Festhalten kann man aber:

  • Die Senkung der Steuern für untere und mittlere Einkommen wie auch die Steuerabzüge für Familien und Kinderbetreuung ist weitgehend unbestritten, 58 beziehungsweise 56 Prozent stimmen ihr zu, nur wenige lehnen sie ab. Kein Wunder, gab es – ausser in der Frage der Ausgestaltung – keine Einwände gegen diese Massnahmen.

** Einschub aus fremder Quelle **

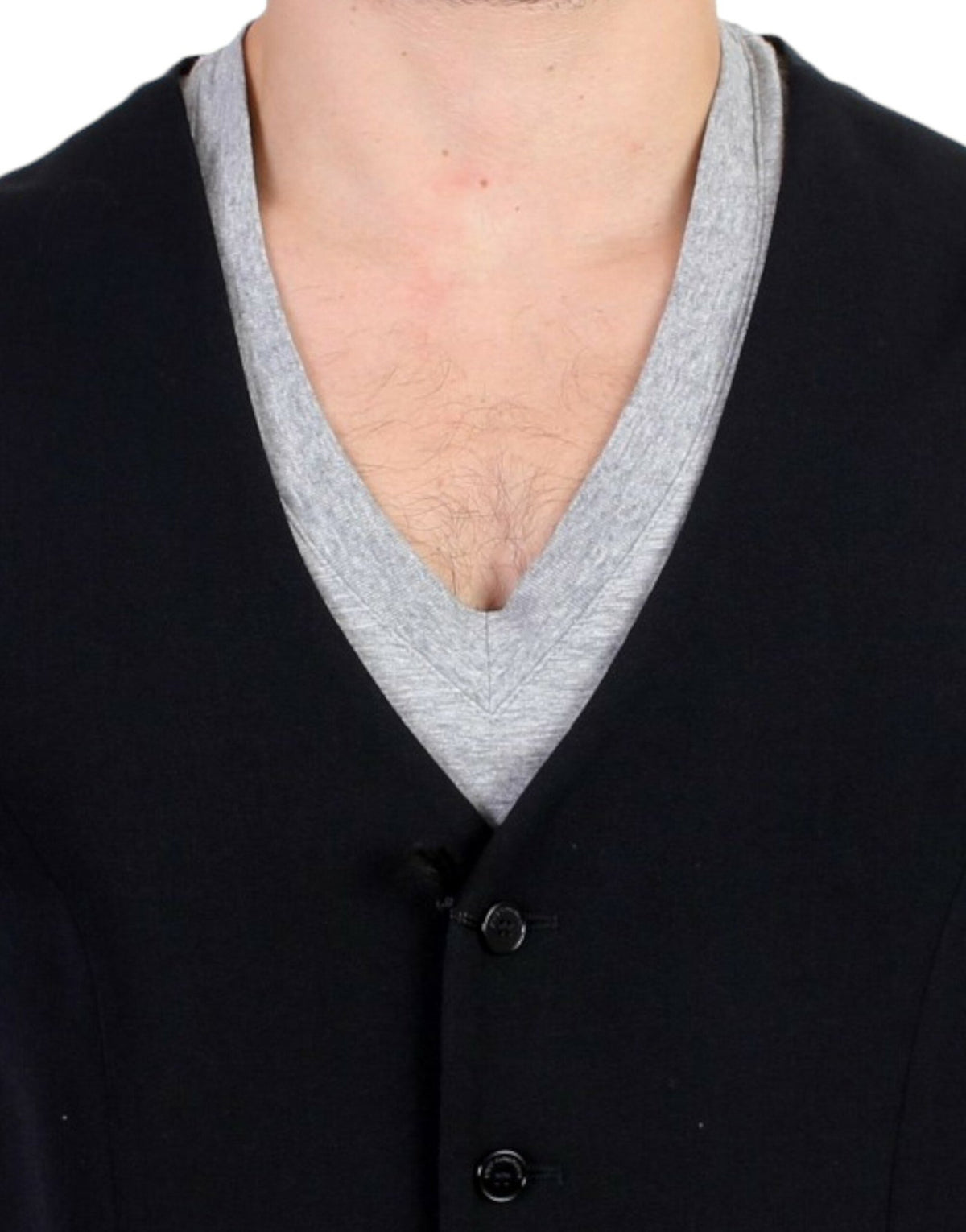Black wool blend casual vest - X excelência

  • Eine grössere Gruppe will die Steuern senken und nicht erhöhen. Dass kaum jemand von sich aus eine Steuererhöhung wünscht, versteht sich schon fast von selber, eher frustrierend ist, dass immer noch rund ein Drittel der Personen eine weitere Steuersenkung für richtig hält. Dass die Finanzen darüber hinaus ein Thema sind, zeigt sich an den zwei folgenden Fragen:
  • Bereits recht umstritten ist die Massnahme, Leistungen zu kürzen und Ausgaben zu kürzen. Hier ist der befürwortende Teil nur knapp höher als der ablehnende Teil. Auch wenn ein Teil der Politik und der Medien, insbesondere aber die Kommentarspalten in Online-Portalen, immer wieder irgendwelche Geschichten von aufgeblähten Beamtenapparate und unnötiger Bürokratie bringen, so sind viele Leute nicht mehr bereit, dies zu glauben. Das Sparpaket im Herbst wird das seine dazu beitragen, dass die Skepsis gegen weitere Kürzungen weiter zunehmen wird.
  • Die Senkung der Unternehmenssteuern wird heute von mehr Personen negativ beurteilt als positiv. 36 Prozent finden dies keine geeignete Massnahme, nur 26 Prozent befürworten sie. Auch hier liegt der Anteil der Unentschiedenen mit 43 Prozent hoch. Interessant ist hier, dass im Referat von Marcel Schwerzmann diese Zahl nicht vorkommt. Ist sie ihm doch nicht so geheuer?

Fazit: Die Initiative für eine Erhöhung der Unternehmenssteuern setzt am richtigen Ort an. Die damalige Halbierung ist umstritten. Für einen Erfolg braucht es aber eine starke Fokussierung. Die kantonale Finanzpolitik im Allgemeinen wird zwar von einem namhaften Anteil der Bevölkerung als nicht befriedigend bezeichnet, aber dieser Anteil korrespondiert in etwa mit den bekannten Meinungen der politischen Lagern.